INFORMATION SUPPLIED.
BEGIN

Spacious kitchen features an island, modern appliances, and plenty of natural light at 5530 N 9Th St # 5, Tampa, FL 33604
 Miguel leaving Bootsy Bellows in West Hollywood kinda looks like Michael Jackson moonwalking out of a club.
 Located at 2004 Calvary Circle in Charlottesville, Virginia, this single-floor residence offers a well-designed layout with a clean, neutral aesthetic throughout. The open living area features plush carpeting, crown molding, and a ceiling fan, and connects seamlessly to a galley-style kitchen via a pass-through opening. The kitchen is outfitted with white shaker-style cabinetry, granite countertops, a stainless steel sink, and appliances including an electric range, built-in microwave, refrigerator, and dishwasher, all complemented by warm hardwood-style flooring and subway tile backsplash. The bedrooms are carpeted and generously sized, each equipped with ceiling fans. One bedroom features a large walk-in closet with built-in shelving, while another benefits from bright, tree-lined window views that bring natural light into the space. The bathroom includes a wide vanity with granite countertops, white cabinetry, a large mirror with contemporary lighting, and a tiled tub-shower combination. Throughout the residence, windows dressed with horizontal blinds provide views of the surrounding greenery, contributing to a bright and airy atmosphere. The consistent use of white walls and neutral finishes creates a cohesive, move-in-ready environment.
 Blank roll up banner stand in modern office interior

END

WHAT TO PRODUCE. The task requires an exact transcription of all the data.

SOLUTION.
Spacious kitchen features an island, modern appliances, and plenty of natural light at 5530 N 9Th St # 5, Tampa, FL 33604
 Miguel leaving Bootsy Bellows in West Hollywood kinda looks like Michael Jackson moonwalking out of a club.
 Located at 2004 Calvary Circle in Charlottesville, Virginia, this single-floor residence offers a well-designed layout with a clean, neutral aesthetic throughout. The open living area features plush carpeting, crown molding, and a ceiling fan, and connects seamlessly to a galley-style kitchen via a pass-through opening. The kitchen is outfitted with white shaker-style cabinetry, granite countertops, a stainless steel sink, and appliances including an electric range, built-in microwave, refrigerator, and dishwasher, all complemented by warm hardwood-style flooring and subway tile backsplash. The bedrooms are carpeted and generously sized, each equipped with ceiling fans. One bedroom features a large walk-in closet with built-in shelving, while another benefits from bright, tree-lined window views that bring natural light into the space. The bathroom includes a wide vanity with granite countertops, white cabinetry, a large mirror with contemporary lighting, and a tiled tub-shower combination. Throughout the residence, windows dressed with horizontal blinds provide views of the surrounding greenery, contributing to a bright and airy atmosphere. The consistent use of white walls and neutral finishes creates a cohesive, move-in-ready environment.
 Blank roll up banner stand in modern office interior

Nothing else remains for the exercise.